Si le but de la stratégie du Gouvernement est de développer l’économie, il faut soutenir la croissance des PMEs et des TPEs en :
•Financement des PMEs.
•Soutien technique et accompagnement des PMEs dans la conquête des marchés sous-régionaux et régionaux.
•Appuyant massivement la conversion des PMEs de l’informel vers le formel Règlement effectif et prioritaire de la dette publique intérieure.
Ce sont ces dernières qui sont le cœur de l’économie Camerounaise.
IV – Pistes pour faire du Cameroun un hub entrepreneurial
En vue d’y arriver, voici, au-delà d’une conférence quelques pistes pour accroitre l’attractivité et booster le développement de l’économie camerounaise.
1.Préalablement, résorber le déficit en infrastructures et en énergie.
2.Garantir la transparence et rapidité pour tous les actes administratifs liés à la création et la gestion des entreprises.
3.Rendre la fiscalité efficace avec :
1.a.
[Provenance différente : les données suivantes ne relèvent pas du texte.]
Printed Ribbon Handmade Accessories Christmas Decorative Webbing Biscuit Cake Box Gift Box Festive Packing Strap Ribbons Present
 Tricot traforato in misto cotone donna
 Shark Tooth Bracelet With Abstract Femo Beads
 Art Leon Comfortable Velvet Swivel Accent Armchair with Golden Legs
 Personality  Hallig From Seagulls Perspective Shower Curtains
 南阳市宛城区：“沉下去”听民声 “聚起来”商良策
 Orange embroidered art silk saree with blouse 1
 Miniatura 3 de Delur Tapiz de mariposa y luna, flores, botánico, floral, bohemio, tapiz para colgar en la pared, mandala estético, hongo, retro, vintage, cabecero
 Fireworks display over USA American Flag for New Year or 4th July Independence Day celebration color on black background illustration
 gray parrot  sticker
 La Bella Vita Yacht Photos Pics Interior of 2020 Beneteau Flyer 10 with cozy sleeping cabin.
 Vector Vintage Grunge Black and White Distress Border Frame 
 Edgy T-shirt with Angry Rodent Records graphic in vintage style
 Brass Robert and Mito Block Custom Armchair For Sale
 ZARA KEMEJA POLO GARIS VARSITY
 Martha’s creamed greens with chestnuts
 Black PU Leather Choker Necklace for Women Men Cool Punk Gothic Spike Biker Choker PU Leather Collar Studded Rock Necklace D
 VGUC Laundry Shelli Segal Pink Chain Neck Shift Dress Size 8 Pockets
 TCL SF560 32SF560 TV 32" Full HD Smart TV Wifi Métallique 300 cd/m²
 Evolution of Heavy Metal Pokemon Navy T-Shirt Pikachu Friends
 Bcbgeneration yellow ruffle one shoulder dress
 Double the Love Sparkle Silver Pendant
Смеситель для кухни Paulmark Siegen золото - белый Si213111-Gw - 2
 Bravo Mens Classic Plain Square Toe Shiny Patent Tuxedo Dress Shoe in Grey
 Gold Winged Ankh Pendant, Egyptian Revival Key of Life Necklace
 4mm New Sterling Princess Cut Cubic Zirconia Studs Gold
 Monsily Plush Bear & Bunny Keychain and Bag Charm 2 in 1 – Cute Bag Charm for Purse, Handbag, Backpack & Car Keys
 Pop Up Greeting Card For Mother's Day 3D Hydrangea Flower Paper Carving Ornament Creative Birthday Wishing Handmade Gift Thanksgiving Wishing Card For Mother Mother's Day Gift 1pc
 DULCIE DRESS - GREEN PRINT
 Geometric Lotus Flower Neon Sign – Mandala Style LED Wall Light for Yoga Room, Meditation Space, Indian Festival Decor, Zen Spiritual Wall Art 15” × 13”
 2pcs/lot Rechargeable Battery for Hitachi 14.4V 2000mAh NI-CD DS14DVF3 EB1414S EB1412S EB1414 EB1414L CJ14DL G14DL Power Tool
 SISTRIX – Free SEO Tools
L’utilisation de la technologie pour assurer la transparence et éliminer la corruption
2.b. L’élargissement de l’assiette fiscale avec l’accompagnement des entreprises de l’informel vers le formel
3.c. L’allègement de la fiscalité pour l’ensemble des entreprises et l’intégration de mesures incitatives à la création d’emploi et à la croissance
4.Réformer le système judiciaire, pour qu’il puisse être sûr pour les institutions financières leur permettant ainsi de prêter au TPE, PE et ME.
5.Rendre les informations financières fiables, transparentes et accessibles.
6.Mettre en place un Fonds de garantie de l’Etat permettant aux institutions financières de minimiser le risque.
7.Réformer le système d’éducation pour qu’il fasse de l’entreprenariat une option principale pour les jeunes et les moins jeunes.
8.Exécuter une politique d’accessibilité à la technologie afin de renforcer la compétitivité.
9.Innover dans la recherche de nouvelles alternatives de financement pour l’investissement dans les secteurs porteurs notamment les partenariats public-privés, le marketing territorial, la coopération décentralisée, l’émission des obligations pour les Collectivités Territoriales Décentralisées.
10.Faire de notre force de travail un pilier de notre puissance économique en assurant le travail décent à l’ensemble des travailleurs.
Il nous semble que c’est en allant dans ce sens que de meilleurs résultats sont susceptibles d’être produits. Mais une question demeure : est-ce à ce rythme et avec ce leadership politique que nous y arriverons ?
Il est évident pour nous que non.
Nous avons besoin d’un leadership plus visionnaire, volontaire, comprenant comment fonctionne les entreprises et capable de conduire des réformes idoines à une vitesse plus rapide.
Dans un monde qui bouge, nous sommes condamnés à bouger plus vite.